VIDEO - Nouvelle manifestation des policiers pour un usage plus facile de leur arme

France
COLÈRE – La grogne des policiers ne s’arrête pas et les manifestations se poursuivent, comme ce vendredi soir à Paris où ils ont défilé du Trocadéro à l’Arc de Triomphe, pour réclamer notamment un assouplissement des règles de légitime défense.

"La police protège le peuple, qui protège la police ?" Une centaine de manifestants ont défilé ce vendredi soir à Paris, du parvis du Trocadéro à l’Arc de Triomphe, pour continuer à exprimer leur colère comme ils le font depuis plus d’un mois et l’agression de quatre collègues à Viry-Châtillon. Habillés en civil avec le brassard orange, le visage parfois masqué, les policiers ont défilé accompagnés de proches venus apporter leur soutien. "Mon papa n’est pas une cible", pouvait-on notamment lire sur certaines pancartes.

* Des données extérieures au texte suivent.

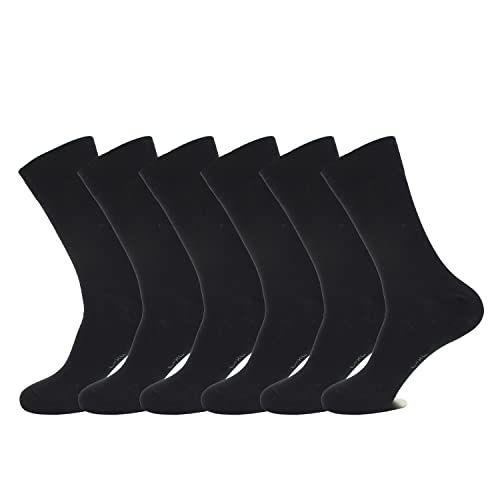 Feetalk 98% Cotton Dress Crew Socks for Business and Casual Mens and Womens Socks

 La mobilisation se poursuit après que le plan annoncé par le gouvernement fin octobre a été jugé "insuffisant", explique à l’AFP un des organisateurs du mouvement, membre de la Bac (Brigade anticriminalité). Malgré une nette perte de rythme, le mouvement policier ne s’éteint pas. Le plan gouvernemental de 250 millions pour de nouveaux équipements et véhicules n’a pas mis un terme aux revendications, qui se cristallisent désormais autour d’un assouplissement des règles de la légitime défense.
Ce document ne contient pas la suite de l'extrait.